1. Configure the topology as per the diagram.
2. configure trunk Dot1q as per the topology
3. configure VTP domain name will be internetworks
4. configure version 3
5. configure password ccie123
6. Hide the password
7. configure LAYER-3-switch-1 primary server VLAN
8. Configure VLAN 10,20,30,40,50,60,70,80 and 90 on LAYER-3-switch-1 and make sure the rest of the domain switches synchronize this data.
9. configure the extended range of VLAN 2000,2001 on LAYER-3-switch-1 and make sure the rest of the domain switches synchronize this data.
10. configure MSTP on LAYER-3-switch-2 and make sure the rest of the switches synchronize this information.  

What is VLAN Access List? How to configure VACL?

 

VLAN Access List

VLAN ACL Is very useful when we want to filter traffic within the VLAN. When we configure VACL on the switch, all the packets entering the VLAN are checked against the VLAN access list. In VACL you cannot define the direction like router ACL. A VACL can either drop a matching packet, forward it, or redirect it to another interface.
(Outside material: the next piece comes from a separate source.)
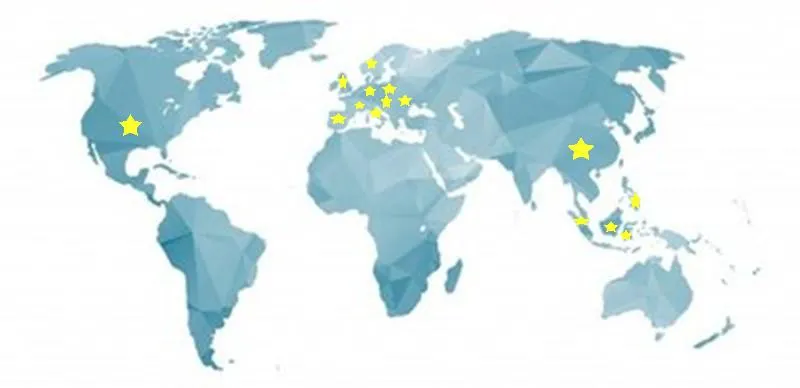 Global Customers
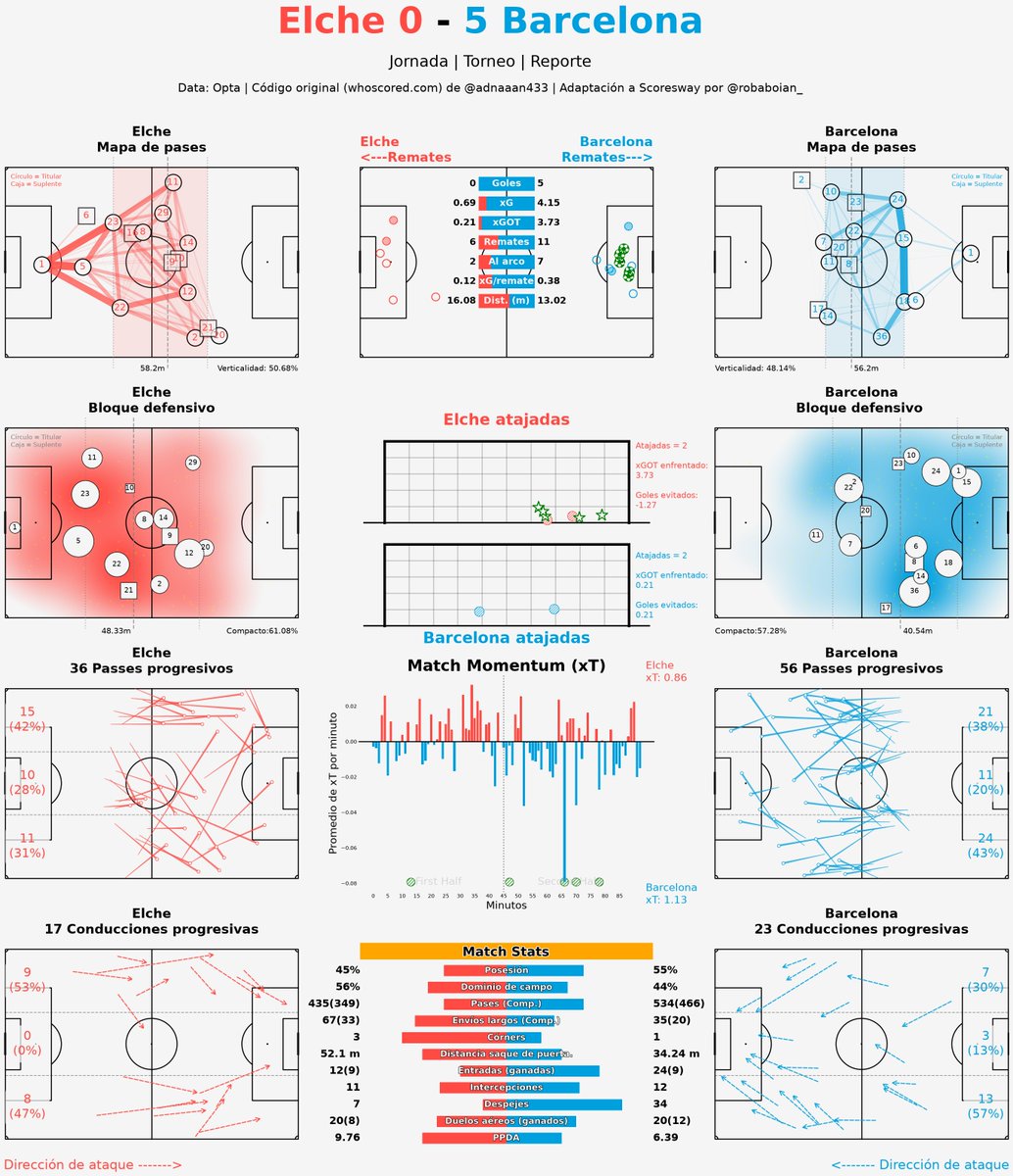 Sports_Maps's tweet photo. https://t.co/IznvtId7hr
Notice that the VACL is applied globally to one or more VLANs listed and not to a VLAN interface switch virtual interface (SVI).

How to proceed

• 1.      Configure ACL standard or extended as per your requirement for VACL.
• 2.      Configure a VLAN access map for matching the IP hosts
• 3.      Configure the action forward or drop
• 4.      Apply the VACL map to the VLAN.
• 5.      Verify the VACL map information.
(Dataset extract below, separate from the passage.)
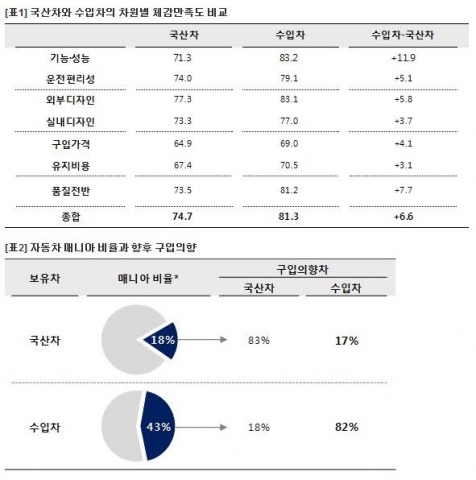 [표1] 국산차와 수입차의 차원별 체감만족도 비교 [표2] 자동차 매니아 비율과 향후 구입의향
 https://youtube.com/@internetworkss

 Topology: -

• configure IP addresses on PCs as per the topology
• configure the default gateway as per the topology
• configure inter-VLAN- routing SVI
• configure IP address 10.1.1.1 on VLAN 10
• configure IP address 20.1.1.1 on VLAN 20
• at this point make sure all four PCs can ping each other 
• configure ACL 10 
• configure VACL make sure PC1 cannot communicate with any VLAN 20 PC

What is Private VLAN? How to configure Private VLAN? #PVLAN

 By default, our traffic is allowed to move unrestricted within a VLAN. One host sends packets to another host and it's heard only by the destination host this is the beauty of layer 2 switching. However, if one host sends the broadcast packet, all the remaining hosts on that VLAN listen to that broadcast and reply as per the broadcast. We can solve this if the host is connected to a local switch with VACL or configured with more VLAN but it would be nice to have the capability to segment traffic within a single VLAN, without having to use multiple VLANs. The solution is Private VLAN.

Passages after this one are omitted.